When his turn came, he sat in the chair. “Short,” he instructed.
The girl was slowly chewing gum; she was very attractive, with hazel eyes and silver bracelets all up and down her bare arms. She held her comb and scissors slightly raised, like a conductor preparing to lead an orchestra. She spoke to him through the wide mirror.
“How short, exactly?”
O’Neil nodded. “All of it,” he said.
She used scissors, then clippers, and finally a safety razor to scrape his scalp clean. At the first touch of the blade O’Neil felt the coolness of air on skin that had not felt it since the first days of his life. When she was done, he ran his hand over it again and again, amazed. And yet his face in the mirror was the same.
“I don’t get many requests for something like that,” the girl said, bewildered. “A lot of older guys come in here and actually want me to somehow make it longer.”
He paid her, tipping generously, and returned to the house. It was lunchtime, and Mary and the children were making sandwiches in the kitchen. Sam, reading at the kitchen table, saw him first and started to laugh.
“Holy shit, O’Neil,” he said. “You look like a white Michael Jordan.” But his face was proud-he understood what O’Neil had done.
Nora giggled. “Daddy lost his hair,” she sang. “Bald man, bald man.”

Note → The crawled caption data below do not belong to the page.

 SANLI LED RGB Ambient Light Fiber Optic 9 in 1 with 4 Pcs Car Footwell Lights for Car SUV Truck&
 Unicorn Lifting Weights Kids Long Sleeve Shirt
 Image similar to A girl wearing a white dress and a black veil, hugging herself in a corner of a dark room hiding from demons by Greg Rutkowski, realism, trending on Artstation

“Hush,” Mary said. She put down the knife she had been using to spread peanut butter onto sandwiches for the children. She wiped her hands on a dish towel and looked at him. “O’Neil?”

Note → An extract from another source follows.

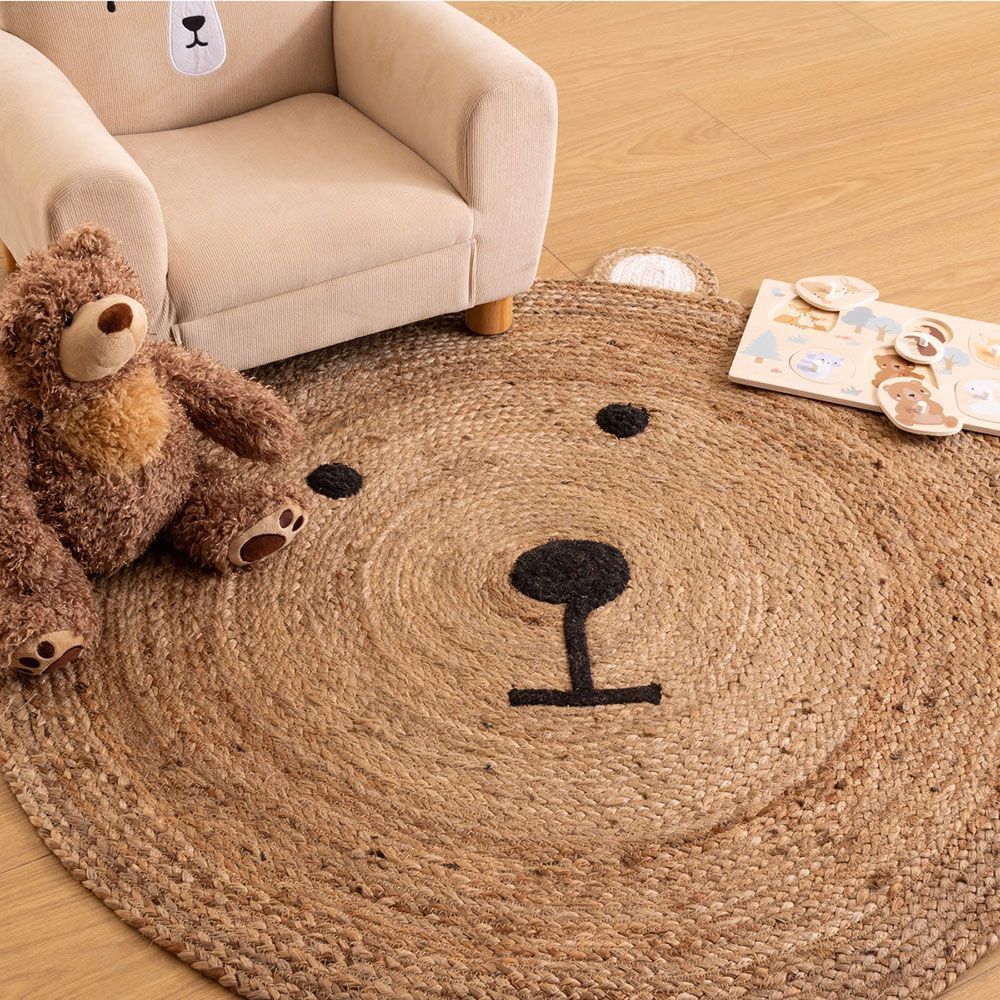 Tapis rond enfant ourson en jute (Atmosphera) - Image 1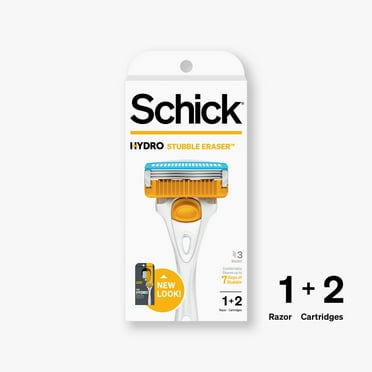 Schick Hydro Skin Comfort Stubble Eraser Men's Razor Handle Plus 2 Razor Cartridge Refills, Comfortably Shaves Up To 7 Days Of Stubble, Easy Rinse Design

He shrugged. “It’s just something I’ve been meaning to try for a while. What do you think? It feels great.”
She narrowed her eyes, tilted her head this way and that to examine him. “Well, I think I like it. I really do. Turn around and let me see the back.”
He did, pivoting toward the doorway in time for Kay to enter the room and meet his gaze. She stepped forward and touched his bare scalp. Tears floated in her eyes, and O’Neil’s heart constricted: another mistake?

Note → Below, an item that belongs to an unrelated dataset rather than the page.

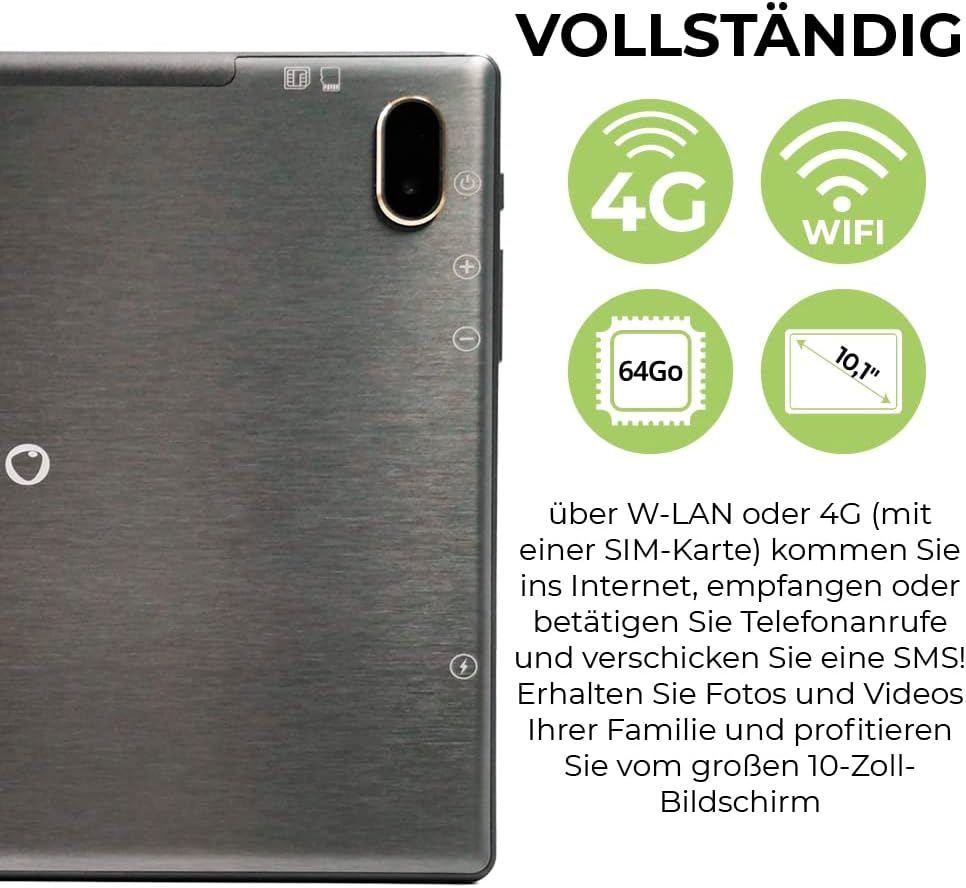 Ordissimo - Tablet Celia für Senioren - Einfache Bedienung - Großes 10 Zoll Display mit Touchscreen - B Ware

“Oh, honey,” she said, and laughed. “Is that what I look like? You look just awful.”
That evening the two of them went down to the ocean to swim. Kay had asked him if he could get some marijuana for her, to help her appetite, and he brought it with him to the beach-three joints, tightly wrapped in green and red paper, like little Christmas presents. It had been years since he’d smoked it; he’d bought it from a friend of Mary’s, a sculptor she’d known in graduate school, who knew someone who knew someone else-the road it had traveled to him was obscure. Why had Kay thought that he, of all people, would be able to get it? And yet he had, and done it with ease. O’Neil had planned a big meal to follow it: spaghetti with clam sauce, a salad of mixed greens, fresh sweet corn slabbed with butter, and a key lime pie for dessert. He’d told her nothing about this; the meal was an ambush. The joints were in a Baggie, and after their swim, he took one out and lit it, somehow, in the wind.